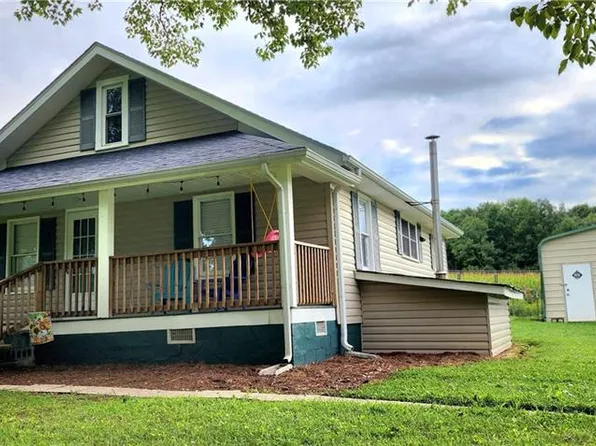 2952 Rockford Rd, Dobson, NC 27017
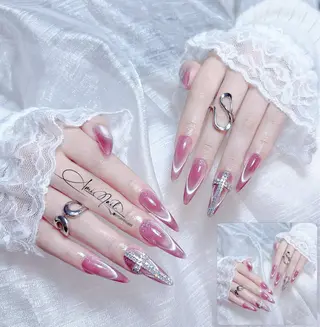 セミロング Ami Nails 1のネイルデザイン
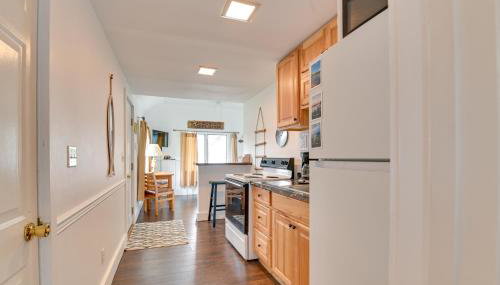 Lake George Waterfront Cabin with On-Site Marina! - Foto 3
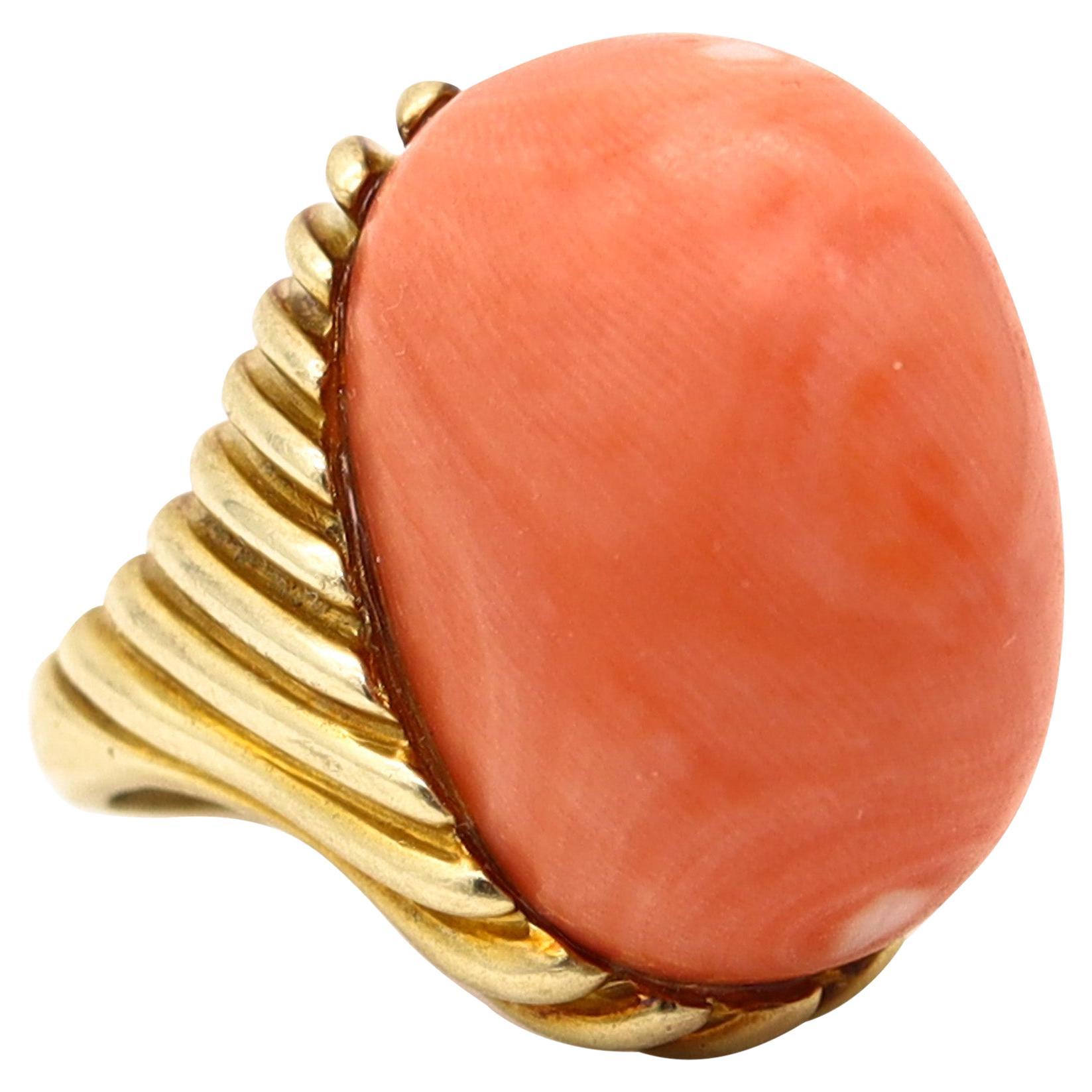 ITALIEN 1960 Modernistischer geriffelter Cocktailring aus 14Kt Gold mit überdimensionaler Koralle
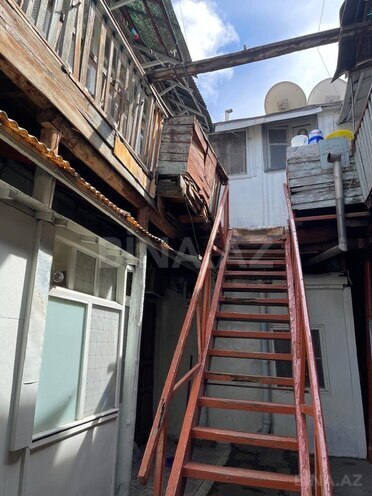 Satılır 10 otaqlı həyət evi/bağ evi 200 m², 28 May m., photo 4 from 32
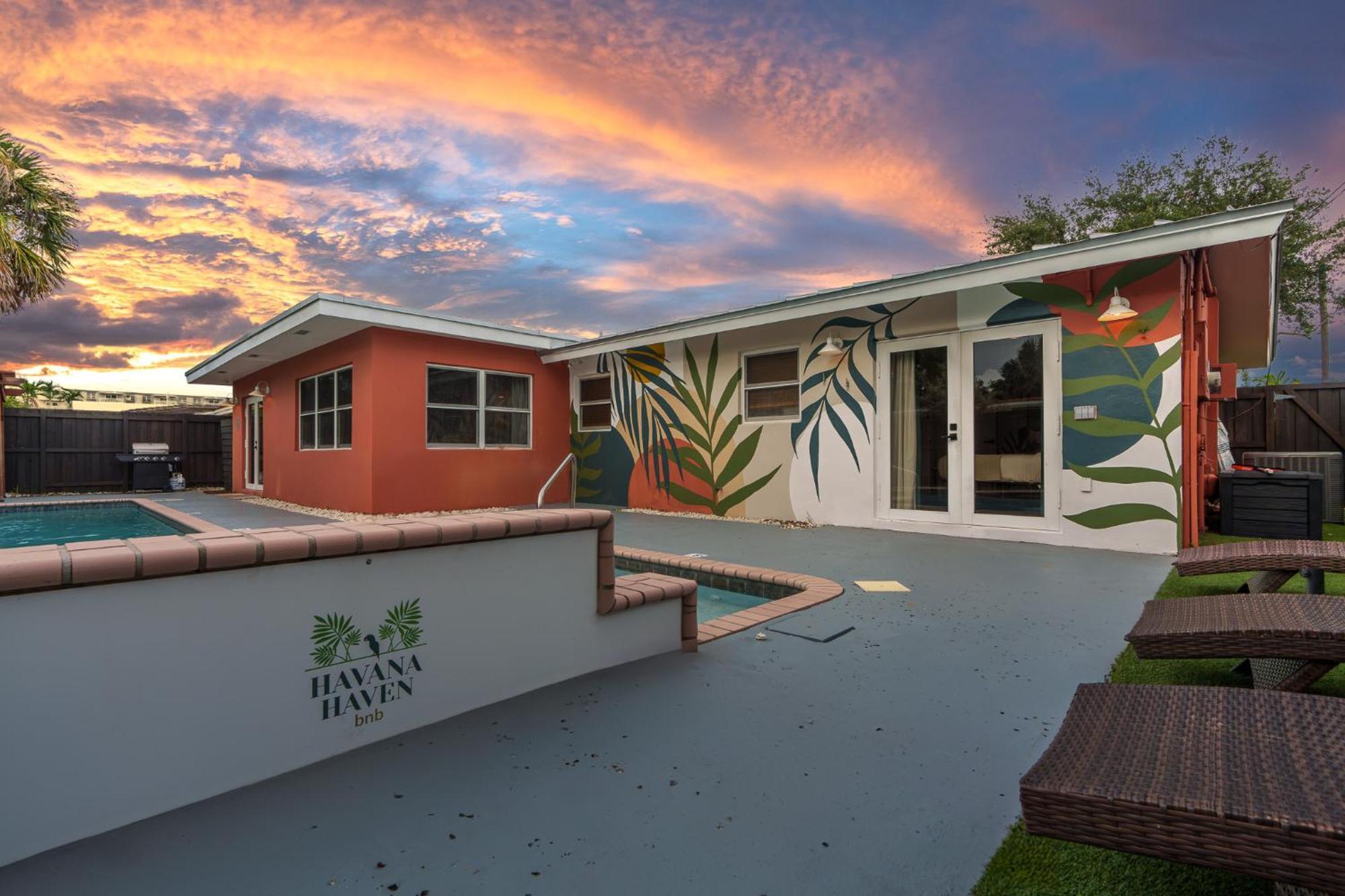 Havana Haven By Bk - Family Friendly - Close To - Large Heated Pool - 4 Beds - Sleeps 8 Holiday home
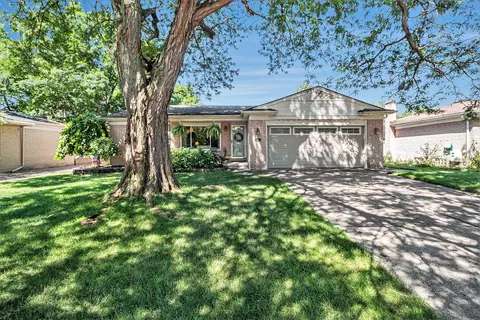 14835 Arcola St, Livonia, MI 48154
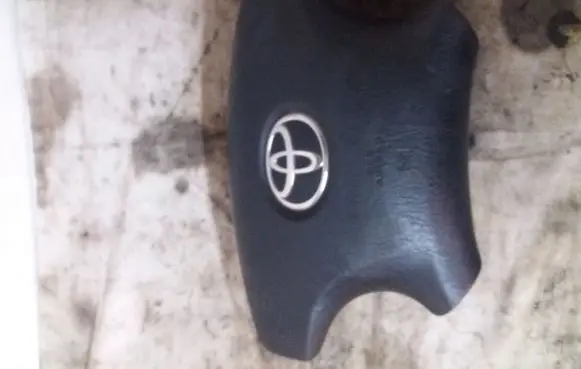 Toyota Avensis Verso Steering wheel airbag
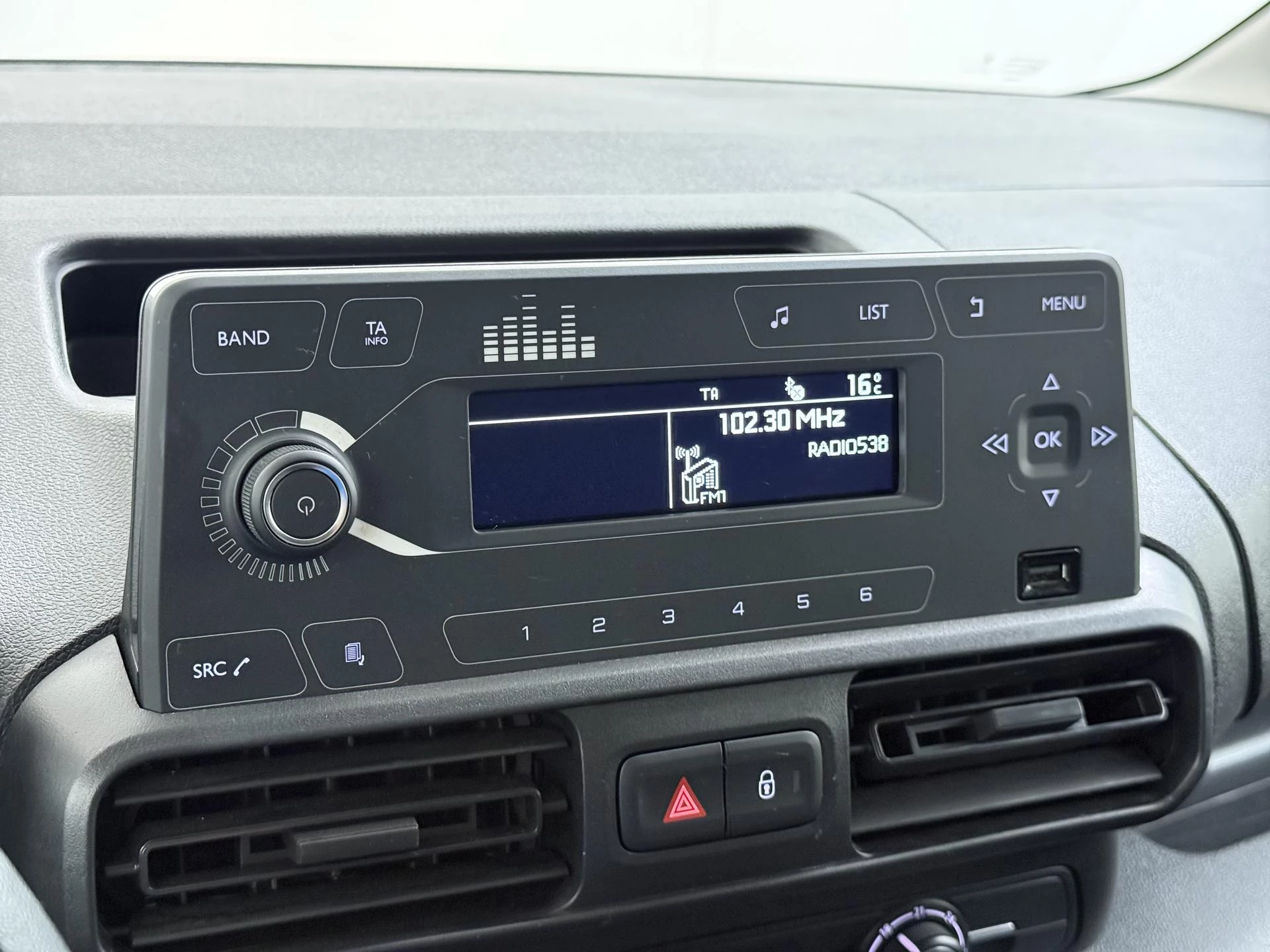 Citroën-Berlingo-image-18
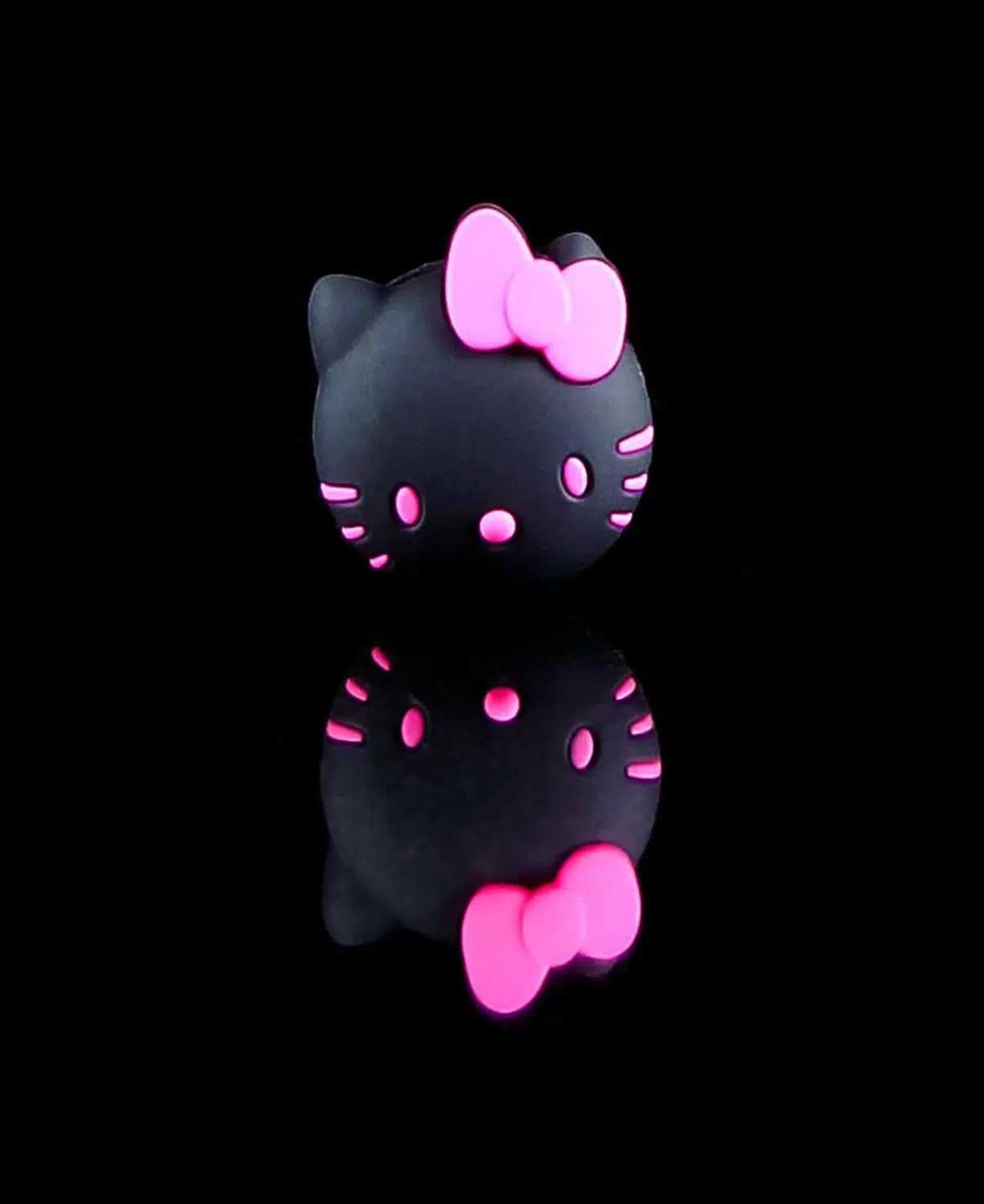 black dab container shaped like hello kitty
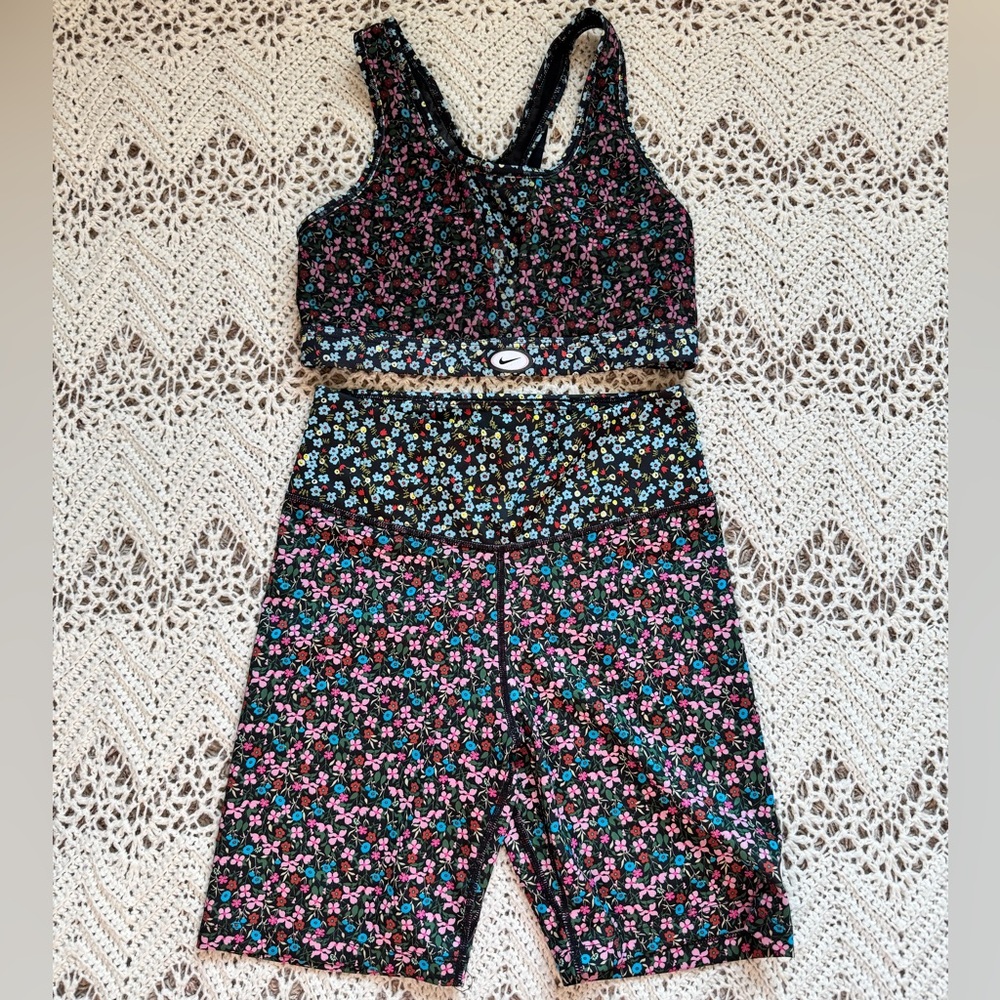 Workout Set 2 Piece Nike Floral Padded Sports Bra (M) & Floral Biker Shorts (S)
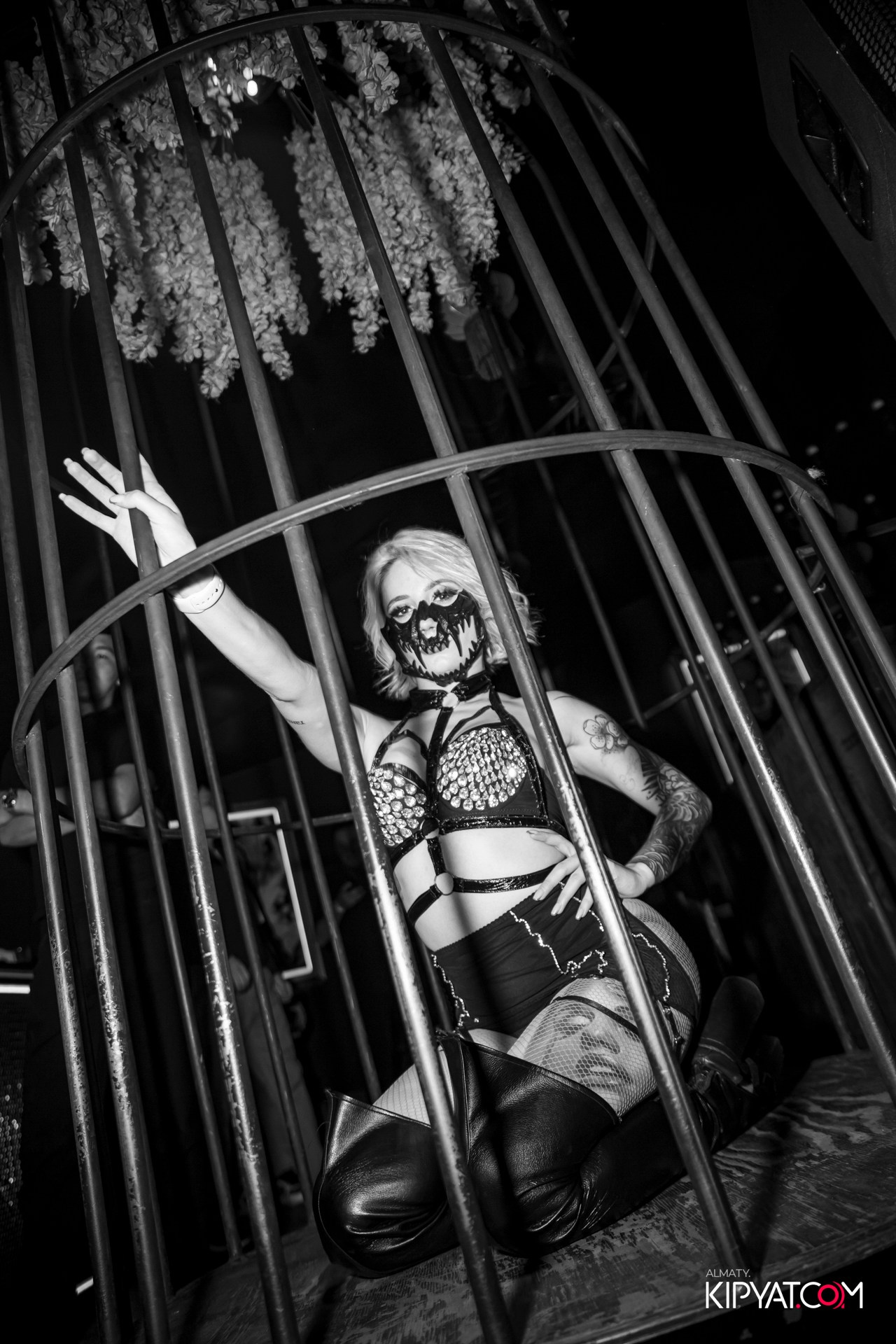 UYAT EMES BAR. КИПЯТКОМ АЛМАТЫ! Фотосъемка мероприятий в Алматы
++++++++
» Exercise
Your answer must be exactly the lines from the one containing "Toyota Avensis Verso Steering wheel airbag" through the last line of the records above, both included, with every picture left out.

» Response area
 Toyota Avensis Verso Steering wheel airbag
 Citroën-Berlingo-image-18
 black dab container shaped like hello kitty
 Workout Set 2 Piece Nike Floral Padded Sports Bra (M) & Floral Biker Shorts (S)
 UYAT EMES BAR. КИПЯТКОМ АЛМАТЫ! Фотосъемка мероприятий в Алматы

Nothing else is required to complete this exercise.